### Goal of the exercise
Would you transcribe the line that holds "1057 Latham Rd" and all the lines below it, through the final one, exactly and with nothing else?

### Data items
::::::::

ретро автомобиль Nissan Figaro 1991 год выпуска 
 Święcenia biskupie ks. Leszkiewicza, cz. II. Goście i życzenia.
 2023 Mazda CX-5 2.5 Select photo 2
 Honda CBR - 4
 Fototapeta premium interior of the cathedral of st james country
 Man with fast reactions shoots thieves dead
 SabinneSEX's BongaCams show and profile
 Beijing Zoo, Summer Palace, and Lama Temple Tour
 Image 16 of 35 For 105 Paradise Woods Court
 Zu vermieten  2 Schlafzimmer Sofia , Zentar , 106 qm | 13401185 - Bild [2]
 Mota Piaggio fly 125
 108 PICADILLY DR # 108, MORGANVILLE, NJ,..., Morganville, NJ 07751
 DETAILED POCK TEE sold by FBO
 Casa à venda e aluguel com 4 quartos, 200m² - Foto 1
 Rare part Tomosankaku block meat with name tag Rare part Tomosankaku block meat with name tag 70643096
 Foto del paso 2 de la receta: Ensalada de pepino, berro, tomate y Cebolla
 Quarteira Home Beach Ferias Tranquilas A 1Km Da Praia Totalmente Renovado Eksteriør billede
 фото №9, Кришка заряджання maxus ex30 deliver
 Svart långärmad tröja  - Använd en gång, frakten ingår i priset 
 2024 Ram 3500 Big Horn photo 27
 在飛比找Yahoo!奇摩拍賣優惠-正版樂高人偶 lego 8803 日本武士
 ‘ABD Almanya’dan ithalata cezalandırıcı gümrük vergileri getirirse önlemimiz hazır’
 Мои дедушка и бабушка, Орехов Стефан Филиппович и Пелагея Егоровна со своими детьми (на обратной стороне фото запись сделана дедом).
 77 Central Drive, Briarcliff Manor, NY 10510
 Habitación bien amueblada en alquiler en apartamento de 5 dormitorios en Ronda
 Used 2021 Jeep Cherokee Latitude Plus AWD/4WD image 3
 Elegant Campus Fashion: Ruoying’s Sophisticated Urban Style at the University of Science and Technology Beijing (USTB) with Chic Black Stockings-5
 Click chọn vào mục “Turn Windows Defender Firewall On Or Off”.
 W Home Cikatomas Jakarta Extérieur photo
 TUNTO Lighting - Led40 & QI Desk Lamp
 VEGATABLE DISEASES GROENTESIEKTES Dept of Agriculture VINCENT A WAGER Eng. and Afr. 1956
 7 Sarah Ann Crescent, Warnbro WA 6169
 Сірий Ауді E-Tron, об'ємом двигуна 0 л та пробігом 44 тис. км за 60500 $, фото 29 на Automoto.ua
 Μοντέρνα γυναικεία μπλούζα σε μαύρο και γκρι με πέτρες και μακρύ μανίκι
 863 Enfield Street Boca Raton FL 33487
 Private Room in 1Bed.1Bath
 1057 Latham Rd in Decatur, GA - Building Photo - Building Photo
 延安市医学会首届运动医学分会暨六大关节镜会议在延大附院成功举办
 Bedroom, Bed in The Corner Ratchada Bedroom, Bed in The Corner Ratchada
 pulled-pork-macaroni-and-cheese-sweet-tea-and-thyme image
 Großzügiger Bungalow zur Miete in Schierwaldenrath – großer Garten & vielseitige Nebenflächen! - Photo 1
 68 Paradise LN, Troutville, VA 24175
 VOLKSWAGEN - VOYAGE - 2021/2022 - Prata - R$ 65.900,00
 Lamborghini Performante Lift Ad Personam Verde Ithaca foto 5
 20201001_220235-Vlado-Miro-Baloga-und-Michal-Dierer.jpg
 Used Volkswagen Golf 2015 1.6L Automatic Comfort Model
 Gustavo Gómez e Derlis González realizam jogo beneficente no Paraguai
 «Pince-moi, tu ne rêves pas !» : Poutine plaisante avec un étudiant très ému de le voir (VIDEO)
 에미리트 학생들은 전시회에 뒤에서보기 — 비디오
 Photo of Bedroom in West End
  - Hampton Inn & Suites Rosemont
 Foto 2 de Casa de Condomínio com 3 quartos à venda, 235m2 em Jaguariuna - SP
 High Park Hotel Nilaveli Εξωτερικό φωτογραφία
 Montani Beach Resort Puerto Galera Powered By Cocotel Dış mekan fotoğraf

::::::::

### Answer box
 1057 Latham Rd in Decatur, GA - Building Photo - Building Photo
 延安市医学会首届运动医学分会暨六大关节镜会议在延大附院成功举办
 Bedroom, Bed in The Corner Ratchada Bedroom, Bed in The Corner Ratchada
 pulled-pork-macaroni-and-cheese-sweet-tea-and-thyme image
 Großzügiger Bungalow zur Miete in Schierwaldenrath – großer Garten & vielseitige Nebenflächen! - Photo 1
 68 Paradise LN, Troutville, VA 24175
 VOLKSWAGEN - VOYAGE - 2021/2022 - Prata - R$ 65.900,00
 Lamborghini Performante Lift Ad Personam Verde Ithaca foto 5
 20201001_220235-Vlado-Miro-Baloga-und-Michal-Dierer.jpg
 Used Volkswagen Golf 2015 1.6L Automatic Comfort Model
 Gustavo Gómez e Derlis González realizam jogo beneficente no Paraguai
 «Pince-moi, tu ne rêves pas !» : Poutine plaisante avec un étudiant très ému de le voir (VIDEO)
 에미리트 학생들은 전시회에 뒤에서보기 — 비디오
 Photo of Bedroom in West End
  - Hampton Inn & Suites Rosemont
 Foto 2 de Casa de Condomínio com 3 quartos à venda, 235m2 em Jaguariuna - SP
 High Park Hotel Nilaveli Εξωτερικό φωτογραφία
 Montani Beach Resort Puerto Galera Powered By Cocotel Dış mekan fotoğraf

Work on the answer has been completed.